Corporate Property Associates 12 Increases Quarterly Dividend
NEW YORK, NY – September 16, 1998 – Corporate Property Associates 12 Incorporated (CPA®:12), an affiliate of W. P. Carey & Co. LLC, announced that its Board of Directors has approved the third quarter dividend for this public REIT.
The dividend per share for the quarter ended September 30, 1998, payable October 15, 1998 to shareholders of record on September 30, 1998, rose to $.2029, an increase of two basis points over the prior quarter. Each of the 18 quarterly dividends following the initial dividend made by the CPA®:12 program has increased over the prior quarter.
Chairman Wm. Polk Carey commented, "CPA®:12 continues to meet our investment objectives by providing consistent and growing current dividends to our investors while seeking to achieve capital appreciation over the longer term. Our core strategy of acquiring single tenant, industrial, retail and office facilities, leased to growing dynamic companies under long term, triple-net leases continues to allow us to provide an asset allocation vehicle that addresses investors' need for stability in increasingly volatile markets."
Founded in 1973, W. P. Carey & Co. LLC, a leader in the ownership and net leasing of corporate properties, specializes in corporate real estate financing using the corporate net lease, or sale-leaseback structure. The $2.5 billion W. P. Carey Group, which includes the firm and its affiliates, is one of the largest lessors of net leased corporate real estate in the nation. The W. P. Carey Group manages the largest publicly traded limited liability company listed on the New York Stock Exchange and four public real estate investment trusts (REITs). Collectively, Carey manages over 33 million square feet of property located in the United States and Europe leased to a diverse group of corporate tenants.
This press release contains forward-looking statements within the meaning of the Federal securities laws.
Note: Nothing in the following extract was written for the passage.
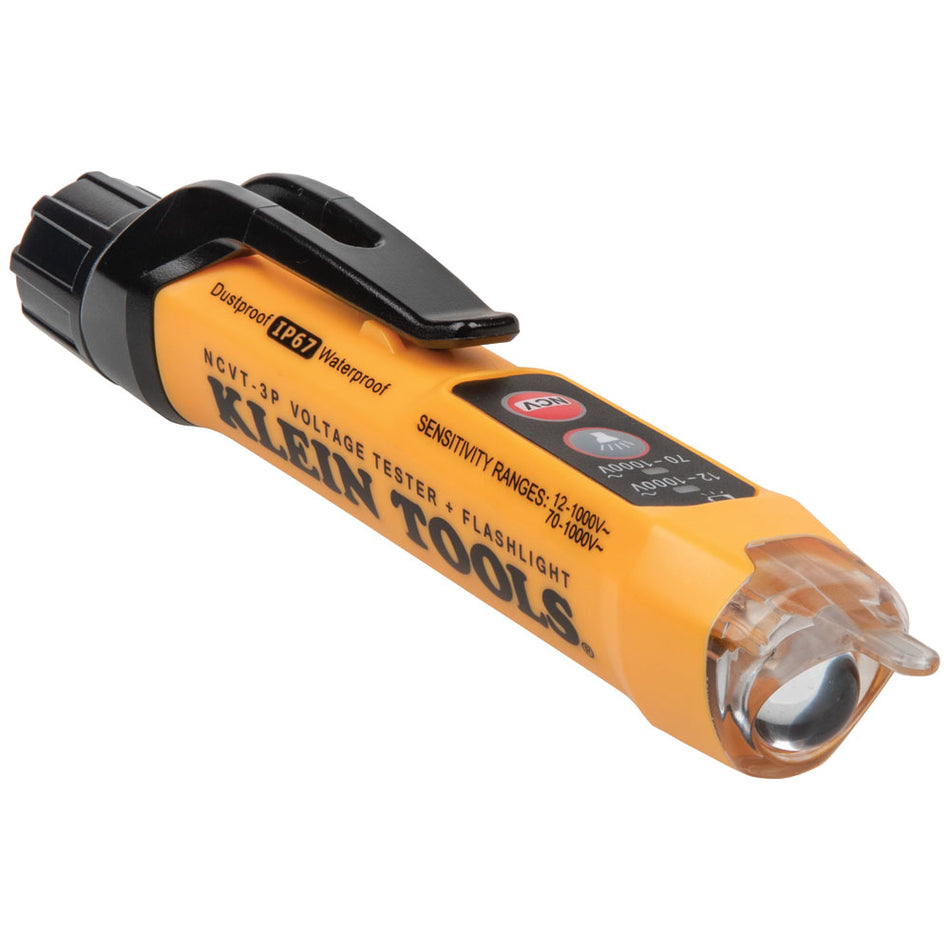 Klein Tools NCVT3PKIT Kit De Prueba Eléctrica NCVT Y Probador De Voltaje ET45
A number of factors could cause the company's actual results, performance or achievement to differ materially from those anticipated. Among those risks, trends and uncertainties are the general economic climate; the supply of and demand for office and industrial properties; interest rate levels; the availability of financing; and other risks associated with the acquisition and ownership of properties, including risks that the tenants will not pay rent, or that costs may be greater than anticipated. For further information on factors that could impact the company, reference is made to the company's filings with the Securities and Exchange Commission.